→ Exercise goal
Give again, character for character, the lines that lie between the first line of the material and the line with "It will tell you to", inclusive. Omit pictures.

→ Material to process
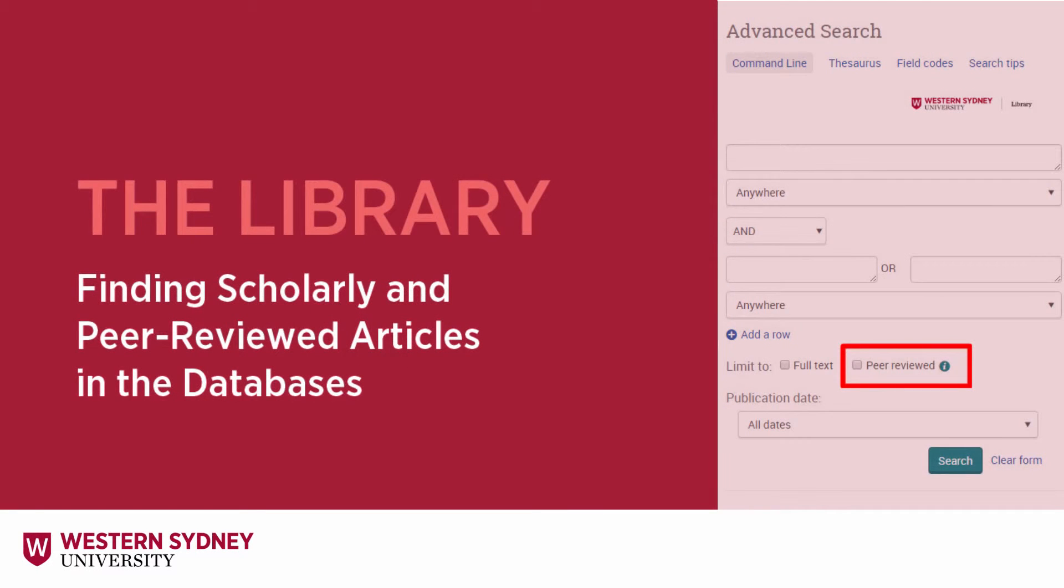This library video will show you how to find scholarly and peer-reviewed articles in databases.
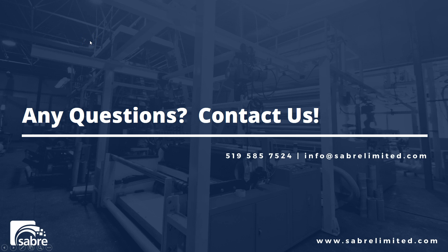As always, if you have any questions, feel free to contact us. Here's our phone number information, or as well, you can email at info at sabrelimited.com. Thanks for watching!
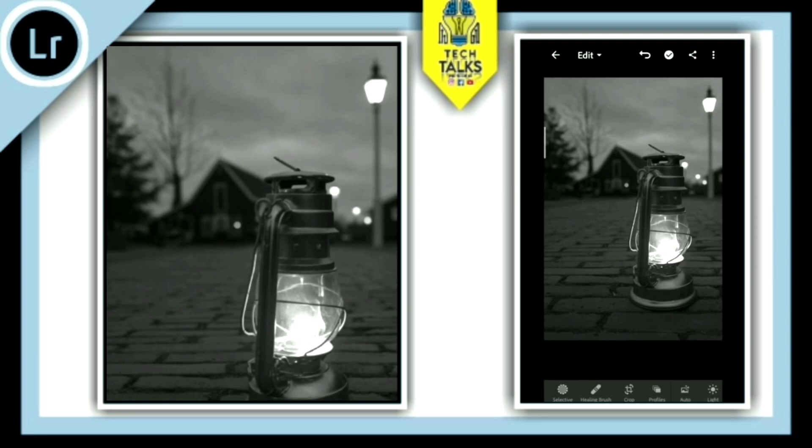So, we opened a photo in Lightroom. Now, I am going to analyze this photo. This photo is a black and white photo. We are going to make it colorful.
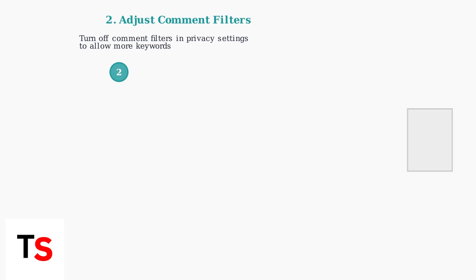Next, check your privacy settings. You can turn off comment filters to allow more keywords that might otherwise be automatically removed by TikTok's systems.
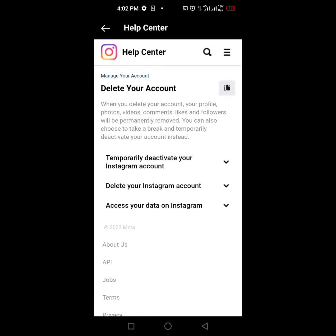It will tell you to either temporarily deactivate your Instagram account, delete your Instagram account, or access your data on Instagram — all the things you have done on Instagram. You can access the data if you want. I'm not going to click on this because I don't want to delete my Instagram, but if you want to delete yours, you click on it and it will tell you what to do.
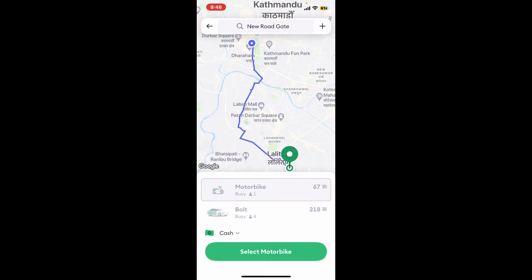Once your driver arrives and during your ride, simply tap on 'Share My Trip' and you will be given the option to share or copy the link. Choose 'Share' to send the trip details directly through your preferred messaging app, or link it to any chat or platform so that anyone can follow your trip progress.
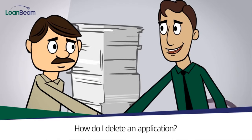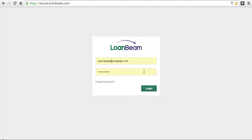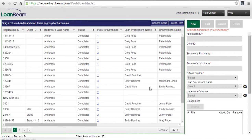How do I delete an application? The process begins by logging into Loanbeam through the internet. Once you are logged in, Loanbeam's dashboard will appear.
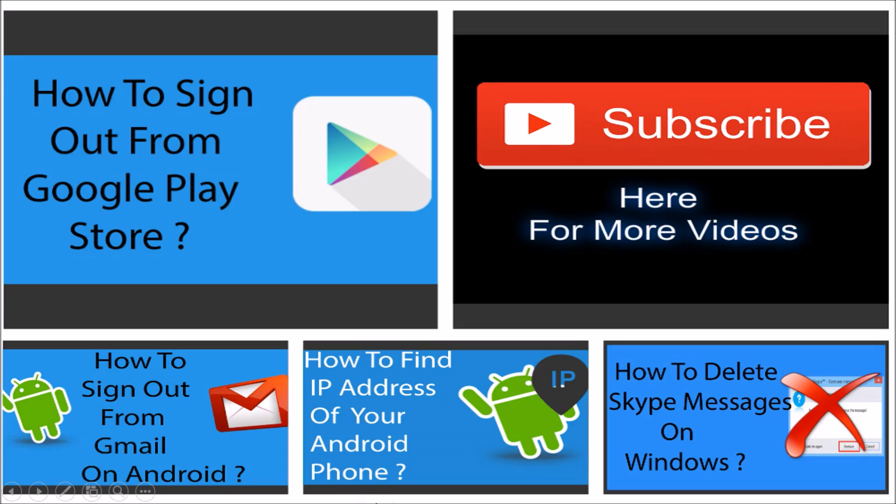I have some more videos for you. If you like, you can check them out and subscribe to my channel by hitting the subscribe button. Thanks!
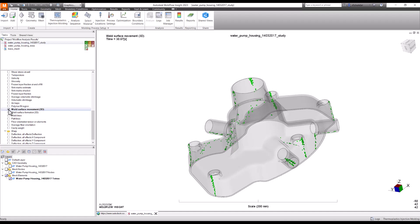I hope this will help you interpret weld line results in much more detail rather than just looking at the surface plot. Talk to you again next week. Take care, bye.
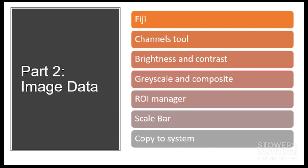We're going to look at some different tools in Fiji, also known as ImageJ, that will help you get your microscopy data into Illustrator. So we'll look at the Channels tool, Brightness and Contrast, Grayscale, Composite Images, the ROI Manager, Scale Bar, and copying to the system so you can get your data into Illustrator.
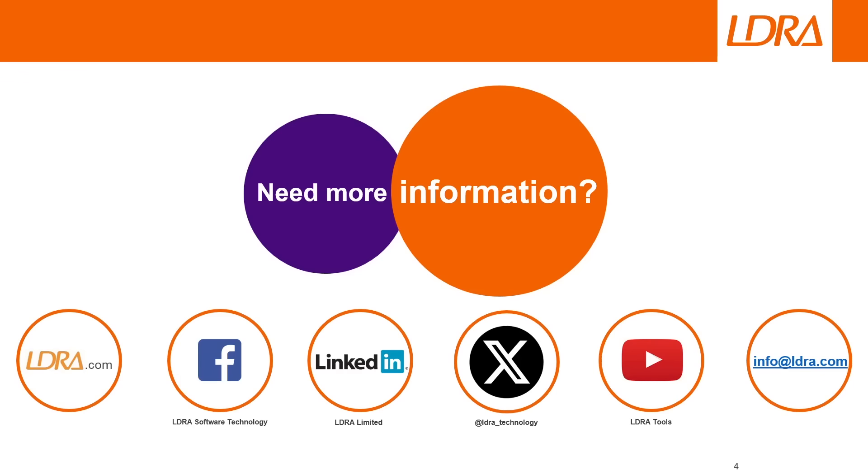Thanks for watching my short presentation on the LDRA Productivity Package for Automotive. If you have any questions, don't hesitate to reach out to us at info at LDRA.com, and don't forget to follow us on YouTube for more videos just like this one. Thanks again, and have a nice day.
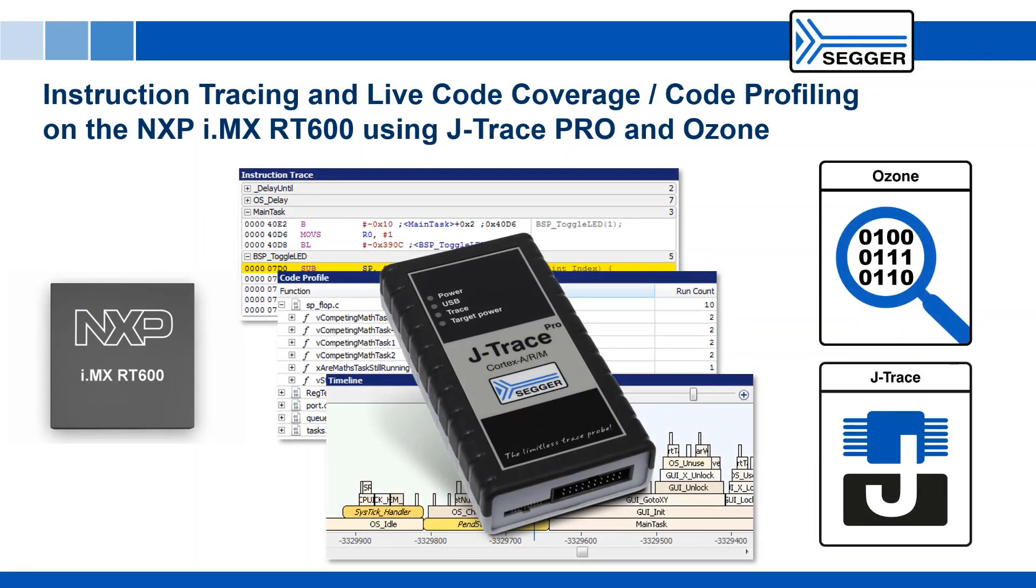This video shows how to use SEGGER's J-Trace Pro trace probe and SEGGER's Ozone debugger to do streaming trace and live code profiling and code coverage on the NXP i.MX RT600 family.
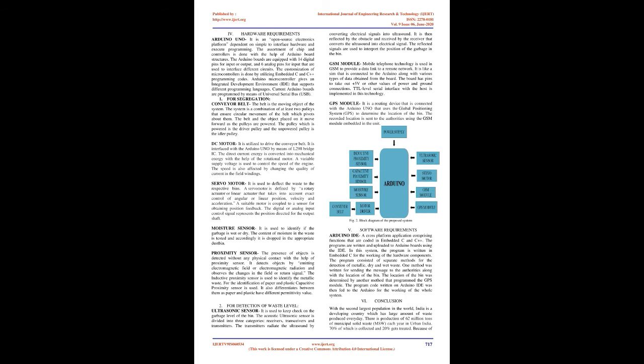For segregation, conveyor belt: The belt is the moving object of the system. The system is a combination of at least two pulleys that ensure circular movement of the belt which pivots about them. The belt and the object placed on it move forward as the pulleys are powered. The pulley which is powered is the driver pulley and the unpowered pulley is the idler pulley. DC motor: it is utilized to drive the conveyor belt. It is interfaced with the Arduino Uno by means of L298 bridge IC. The direct current energy is converted into mechanical energy with the help of the rotational motor. A variable supply voltage is used to control the speed of the engine. The speed is also affected by changing the quality of current in the field windings.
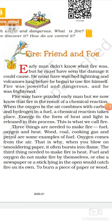It is sometimes said that fire is a good servant but a bad master. It only means that fire is very useful as long as it is kept under control. For instance, we use it to cook our food, warm our homes in winter, and to generate electricity.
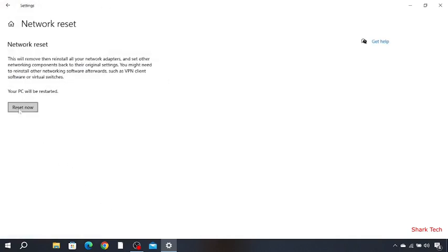You have to click reset now. After this you have to restart your PC and your problem will be solved. But if it is still not solved, then there is one more method.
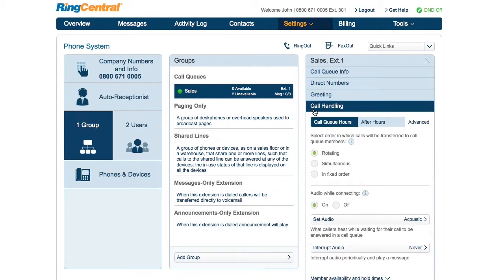Under call handling, you can select whether calls will be transferred to a call queue member on a rotating, simultaneous, or fixed order.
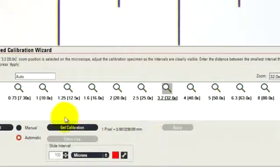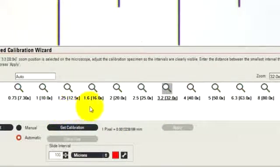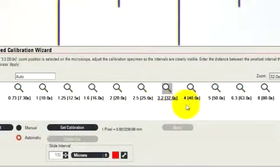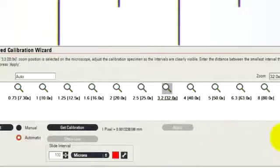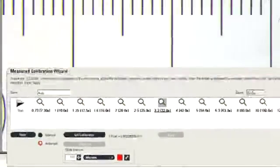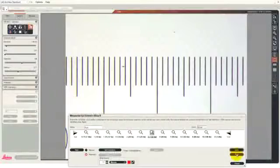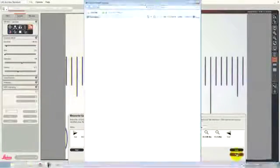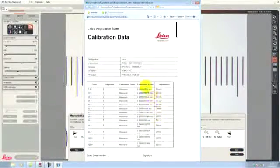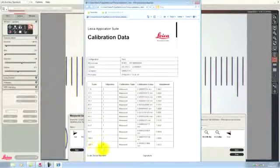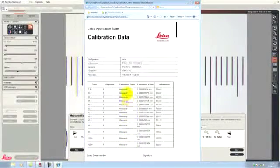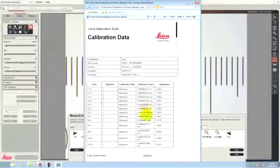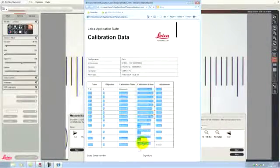In this particular case, I would normally want to repeat this calibration for all possible zoom positions. I've done this before. So we can now immediately look at the printout form that shows us all the measurements that have been made. And you can see here that for all the different zoom positions, I've measured the calibration, and the calibration value is shown in the column here.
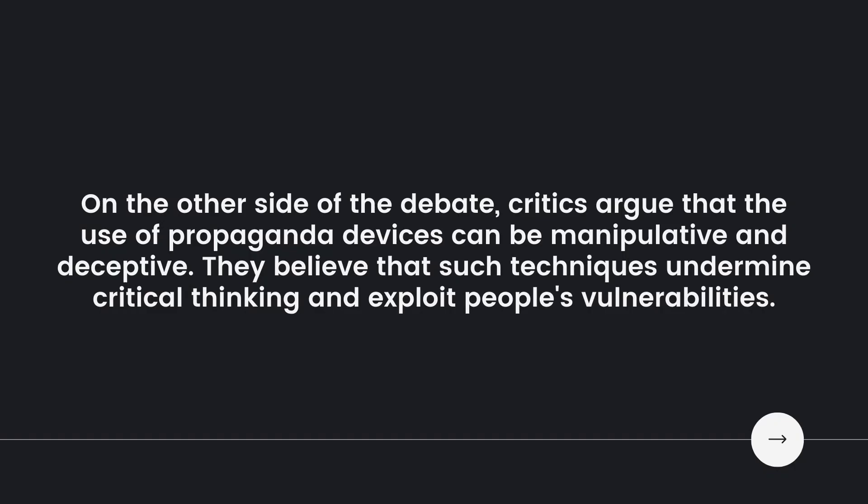On the other side of the debate, critics argue that the use of propaganda devices can be manipulative and deceptive. They believe that such techniques undermine critical thinking and exploit people's vulnerabilities.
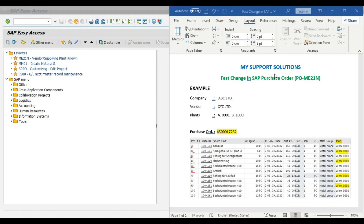Hello and welcome to MySupportSolutions YouTube channel. In this video session, we will learn about fast change in SAP purchase order.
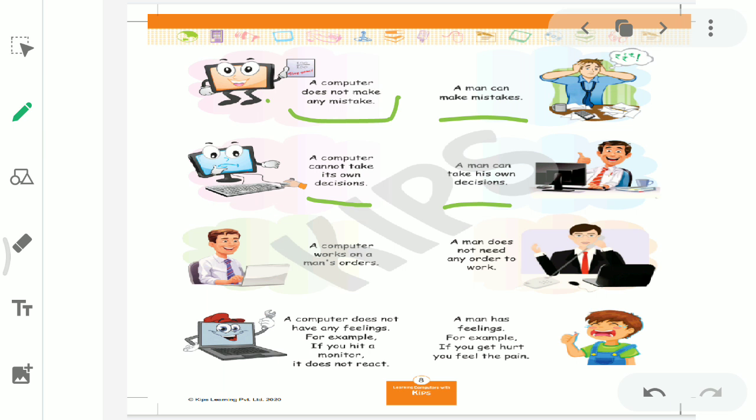A computer cannot take its own decisions. Computer never takes any decision by itself. If we tell it to print this paper, only then it will print. By itself it won't print. If we tell it to add two numbers, only then computer will add. By itself it won't do it. So we have to give it orders. It never does anything by itself.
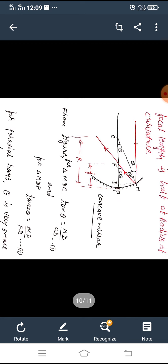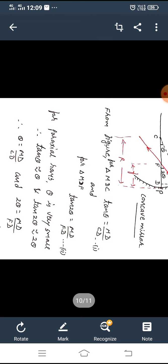We have already discussed paraxial rays — these are rays very close to the principal axis. When rays are very close to the principal axis, theta becomes very small. For small angles, tan theta approximates theta and tan 2 theta approximates 2 theta. Therefore from equations 1 and 2 we can say theta equals MD upon CD, and 2 theta equals MD upon FD.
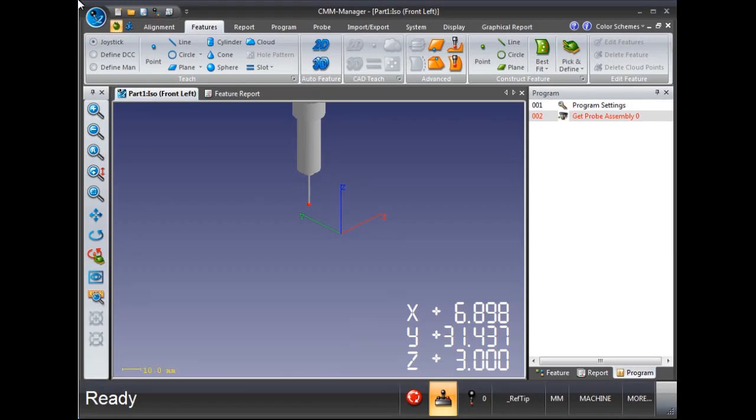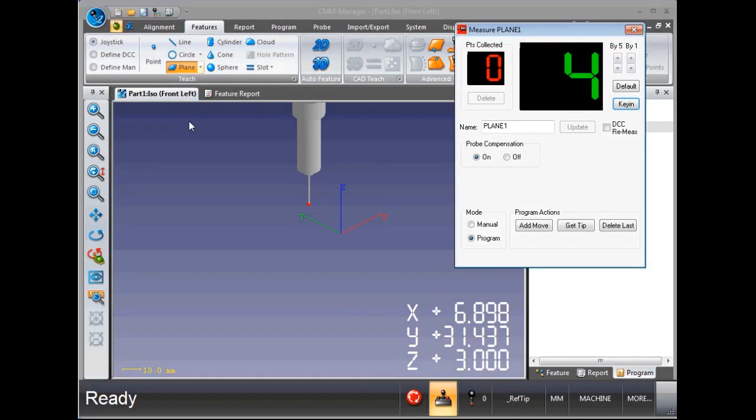We will measure several features using the program mode. Let's start with a plane. Measure a four-point plane in the program mode.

→ Output for this exercise
This library video will show you how to find scholarly and peer-reviewed articles in databases.
As always, if you have any questions, feel free to contact us. Here's our phone number information, or as well, you can email at info at sabrelimited.com. Thanks for watching!
So, we opened a photo in Lightroom. Now, I am going to analyze this photo. This photo is a black and white photo. We are going to make it colorful.
Next, check your privacy settings. You can turn off comment filters to allow more keywords that might otherwise be automatically removed by TikTok's systems.
It will tell you to either temporarily deactivate your Instagram account, delete your Instagram account, or access your data on Instagram — all the things you have done on Instagram. You can access the data if you want. I'm not going to click on this because I don't want to delete my Instagram, but if you want to delete yours, you click on it and it will tell you what to do.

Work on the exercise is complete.